GM's longstanding slogan, "Zero crashes, zero emissions, zero congestion," reflects its dedication to an autonomous and electric vehicle future. However, in light of the recent developments, GM plans to curtail investment in Cruise, influenced by a predicted slowdown in testing, as informed by sources close to the company. GM's quarterly investment in Cruise amounts to approximately $700 million, focusing on driverless taxi services in cities like San Francisco.

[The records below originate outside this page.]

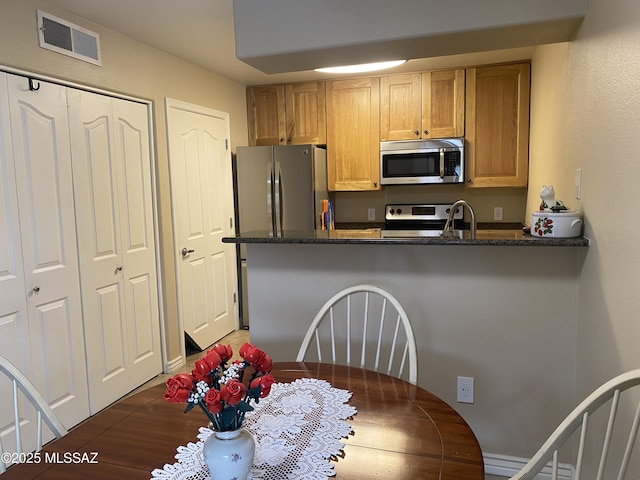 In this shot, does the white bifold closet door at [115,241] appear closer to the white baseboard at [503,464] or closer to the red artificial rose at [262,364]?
the red artificial rose at [262,364]

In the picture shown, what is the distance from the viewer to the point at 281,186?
161 inches

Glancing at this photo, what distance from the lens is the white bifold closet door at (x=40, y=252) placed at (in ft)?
7.43

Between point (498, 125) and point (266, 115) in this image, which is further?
point (266, 115)

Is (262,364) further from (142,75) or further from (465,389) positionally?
(142,75)

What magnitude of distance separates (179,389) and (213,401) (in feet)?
0.25

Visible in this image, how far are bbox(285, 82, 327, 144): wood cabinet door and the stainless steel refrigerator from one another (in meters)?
0.17

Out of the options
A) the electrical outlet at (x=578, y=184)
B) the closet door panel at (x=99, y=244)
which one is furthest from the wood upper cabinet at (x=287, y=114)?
the electrical outlet at (x=578, y=184)

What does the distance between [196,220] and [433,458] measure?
3.12 meters

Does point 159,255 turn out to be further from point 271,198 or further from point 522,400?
point 522,400

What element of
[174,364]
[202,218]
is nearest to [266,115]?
[202,218]

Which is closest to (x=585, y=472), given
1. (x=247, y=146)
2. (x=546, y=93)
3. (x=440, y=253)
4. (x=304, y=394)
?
(x=440, y=253)

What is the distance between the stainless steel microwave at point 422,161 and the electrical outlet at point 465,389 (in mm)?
2196

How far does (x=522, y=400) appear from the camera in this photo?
207 cm

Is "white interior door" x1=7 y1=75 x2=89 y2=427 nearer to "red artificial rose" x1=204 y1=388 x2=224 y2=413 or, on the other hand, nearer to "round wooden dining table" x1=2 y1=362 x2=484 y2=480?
"round wooden dining table" x1=2 y1=362 x2=484 y2=480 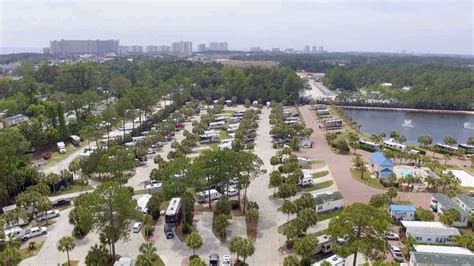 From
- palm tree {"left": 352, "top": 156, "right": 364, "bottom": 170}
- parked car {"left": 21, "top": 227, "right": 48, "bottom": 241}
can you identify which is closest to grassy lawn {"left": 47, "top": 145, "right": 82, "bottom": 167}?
parked car {"left": 21, "top": 227, "right": 48, "bottom": 241}

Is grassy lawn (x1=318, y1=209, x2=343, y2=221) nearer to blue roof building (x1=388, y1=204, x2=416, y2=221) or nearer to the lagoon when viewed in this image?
blue roof building (x1=388, y1=204, x2=416, y2=221)

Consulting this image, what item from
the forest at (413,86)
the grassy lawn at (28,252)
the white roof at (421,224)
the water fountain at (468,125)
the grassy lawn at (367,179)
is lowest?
the grassy lawn at (28,252)

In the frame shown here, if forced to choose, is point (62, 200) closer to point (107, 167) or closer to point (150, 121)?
point (107, 167)

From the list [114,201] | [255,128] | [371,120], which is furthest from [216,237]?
[371,120]

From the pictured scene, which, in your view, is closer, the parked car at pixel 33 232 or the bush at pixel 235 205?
the parked car at pixel 33 232

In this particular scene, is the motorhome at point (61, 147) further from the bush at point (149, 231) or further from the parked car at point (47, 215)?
the bush at point (149, 231)

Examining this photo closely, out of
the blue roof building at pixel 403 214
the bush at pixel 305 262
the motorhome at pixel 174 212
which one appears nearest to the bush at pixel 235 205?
the motorhome at pixel 174 212

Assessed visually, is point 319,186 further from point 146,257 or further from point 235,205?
point 146,257
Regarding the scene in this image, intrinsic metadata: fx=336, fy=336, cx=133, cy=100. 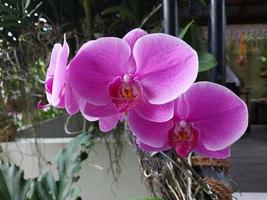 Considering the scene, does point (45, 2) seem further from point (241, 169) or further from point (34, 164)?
point (241, 169)

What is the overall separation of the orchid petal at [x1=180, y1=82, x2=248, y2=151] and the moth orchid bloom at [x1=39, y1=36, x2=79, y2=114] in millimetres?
80

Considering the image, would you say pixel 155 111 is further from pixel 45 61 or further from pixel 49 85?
pixel 45 61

Despite not commenting immediately, GM has previously affirmed its commitment to Cruise, emphasizing a cautious expansion approach post-investigation to rebuild trust and enhance safety.

Impact Of Cruise Suspension On GM's Long-Term Goals

The suspension of Cruise's operations, especially following the prohibition by California regulators, has broader implications for GM's long-term revenue projections, which included substantial contributions from autonomous technology and software. The incident, where a pedestrian was injured after being struck by a Cruise vehicle, led the California Department of Motor Vehicles to question Cruise's safety and accuse it of misrepresenting incident details. Cruise has engaged law firm Quinn Emanuel for an independent investigation.

Industry Perspective: Realism And Return On Investment

The incident and subsequent decisions raise questions about the feasibility of GM's ambitious "Zero Zero Zero" vision. Industry analysts, like Barclays' Dan Levy, suggest a growing investor impatience with non-lucrative projects in the auto sector. This sentiment is echoed in concerns raised by transportation labor organizations about the safety and regulation of autonomous vehicles.

Financial Realities And Investor Sentiments

GM's significant investments in Cruise, including a $2.1 billion buyout of Softbank's stake, reflect its stake in the autonomous driving sector. However, investor confidence has waned post-incident, with concerns about Cruise's profitability and cash burn rate. Some investors advocate for a reduction in Cruise funding, suggesting a focus on shareholder returns.

Cruise's financials reveal a $1.9 billion loss in the first nine months of the year, with significant cash burn rates and limited reserves. While Cruise has a borrowing arrangement with GM's financial arm, questions linger about its sustainability and path to profitability amidst changing investment landscapes.